Mexico: Common Graves, No Names and Parents Who Don’t Give Up

The chilling discovery of a mass grave with more than one hundred unidentified corpses grants hope to parents of missing children

Guillermina Sotelo busca a su hijo desde 2012.

Guillermina Sotelo busca a su hijo desde 2012. Crédito: Gardenia Mendoza Aguilar | Impremedia

Tetelcingo, Mexico.- When the air flows through the Las Cruces pantheon, over the inert bodies in a mass grave, a bittersweet stench spreads throughout the tents where relatives of the disappeared expect probable good news after searching, unsuccessfully, for a son, brother, or a father across the country. Now they search in this town, their neighboring Jojutla in the state of Morelos.

“Now my head hurts,” says Guillermina Sotelo when breathing in the scent from behind a fence that divides the hopeful families from the experts of the Attorney General’s Office and the State Attorney; from observers of human rights, doctors, and university scientists who try to extract each rotting corpse.

Prosecutors quietly buried them here and in Jojutla on March 28, 2014 ? 116 bodies in two graves without taking samples for later identification, and without enacting proper protocols. There was no more room left in the morgue, overwhelmed by the death that comes from the penetration of criminal bands: Los Rojos, Guerreros Unidos and Los Laredo.

And they would still be there if it were not for the mother of Oliver Navarrete, a young man kidnapped and assassinated in 2013, who could document that, in addition to her son’s body that was sent to that common grave by accident, there were others. Of whom? Nobody knows. There are at least 32,000 disappeared in Mexico, 100 officially recognized in Morelos.

Only about five relatives — activists from the local towns — can see closely the violent process of the exhumation that began last Monday; the rest hope, holding their breath.
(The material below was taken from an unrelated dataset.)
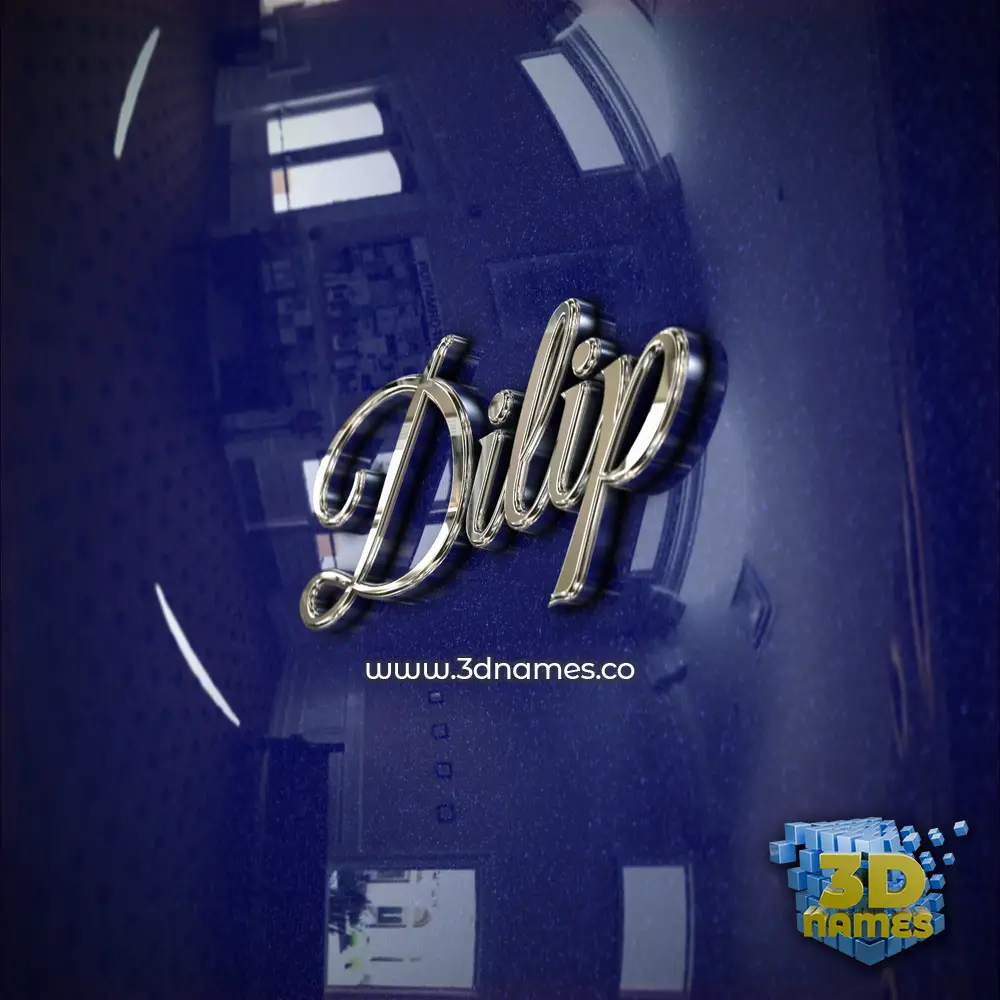 dilip in Metalic Blue style - 3D name wallpaper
Guillermina Sotelo traveled from South Carolina in search of her son Cesar Ivan Gonzalez, who disappeared on August 19 in an unknown location between Cuautla and Huitzuco, where the family is originally from and where he lived. “I always asked him to come back to the United States because we are legal residents, but he did not want to: he went came and went, and the last time he stayed for two years”.
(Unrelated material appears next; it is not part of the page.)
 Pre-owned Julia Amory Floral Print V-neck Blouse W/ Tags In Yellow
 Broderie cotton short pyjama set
Next to this mother, another woman with a contorted face attempts to hold back her tears while sitting at a table and carelessly stroking out letters. She is Patricia Manzanares, who has been looking for her son Juan Hernandez, 23, since 2011. He disappeared in a hotel in Nuevo Leon, the last known place where he spent the night as a member of a law enforcement agency.

“I think the Federal Police handed my son to criminals in exchange for something because, how how else could he disappear just like that? It was just him and his partner, and then they accused him of abandoning his duty; they did not tell me that he was missing and when they finally did they wanted to give me a pension in exchange for signing a document accepting a presumption of death”.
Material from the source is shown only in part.